Akilisi Pohiva, editor of the political newsletter Kele'a, and his Human Rights and Democracy Movement won a landslide victory at elections in March 2002 on a platform of moving towards a constitutional monarchy. But he was unable to take power because the island's inhabitants are only allowed by the monarchy to elect nine of the 30 members of parliament, the rest being noblemen allied with the king.

Royalists circulated a petition in late January calling for the country's only independent newspaper, Taimi'o Tonga (Times of Tonga, published in New Zealand) to be banned. Editor Mateni Tapueluelu said members of the Kotoa Movement, which is headed by the king's daughter, Princess Pilolevu Tuita, was behind the move.

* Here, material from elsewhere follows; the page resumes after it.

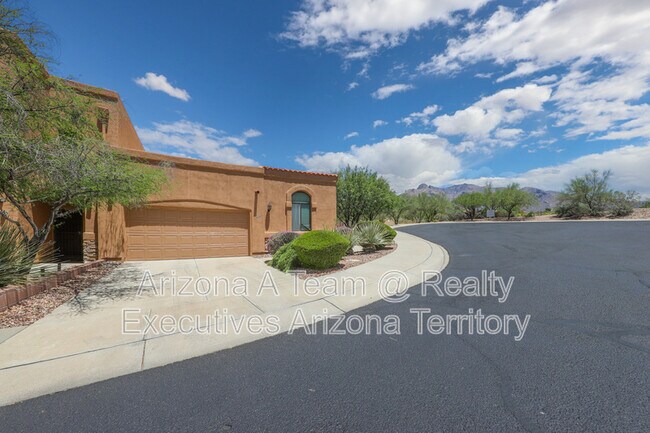 Foto del edificio - 665 E Weckl Pl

The monarchists said the paper was crude and disrespectful, gave a bad impression of Tonga and that its reporting of events threatened the social order. They also charged that it made a lot of money but did not constructively support the monarchy. The pressure on the paper came after Kele'a, then Taimi'o Tonga and then the regional media reported that the king had more than $350 million stashed away in banks abroad.

Tapueluelu announced on 4 March that he had been charged with libelling the king for reprinting the story in Kele'a. The government at first denied the accusation, but then the king admitted he had a bank account in Hawaii. Tapueluelu said he had printed the article because it was a matter of public interest. He was summoned before a court in the island capital, Nuku'alofa, but no verdict had been announced by the end of the year.

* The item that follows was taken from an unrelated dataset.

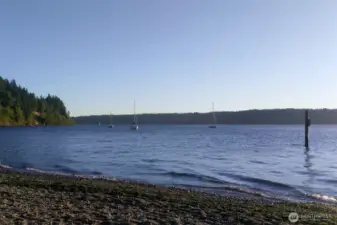 Nearby Lisabuela Beachfront Park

One of Taimi'o Tonga's reporters, Laucala Pohiva, was charged with using forged documents, and was briefly arrested on 25 February with her father, Kele'a editor Akilisi Pohiva, and another politician. The family said her house was searched and papers seized.

Akilisi Pohiva had been arrested in 1996 with Taimi'o Tonga's publisher, Kalafi Moala, and journalist (later editor) Filokalafi 'Akau'ola, and sentenced to a month in prison for insulting parliament by reporting that a motion of censure had been drafted against a royalist minister.

In August 2002, Moala accused the monarchy, in a book called "Island Kingdom Strikes Back," of hounding political dissidents and the independent press, especially his newspaper, and noted that the authorities habitually made excuses, such as economic development or national security, for curbing press freedom. He criticised the public media for often failing to print news when it displeased the authorities.

On 12 December, the supreme court ordered the government on to pay 25,000 euros in damages to Moala and 'Akau'ola for wrongful imprisonment in 1996.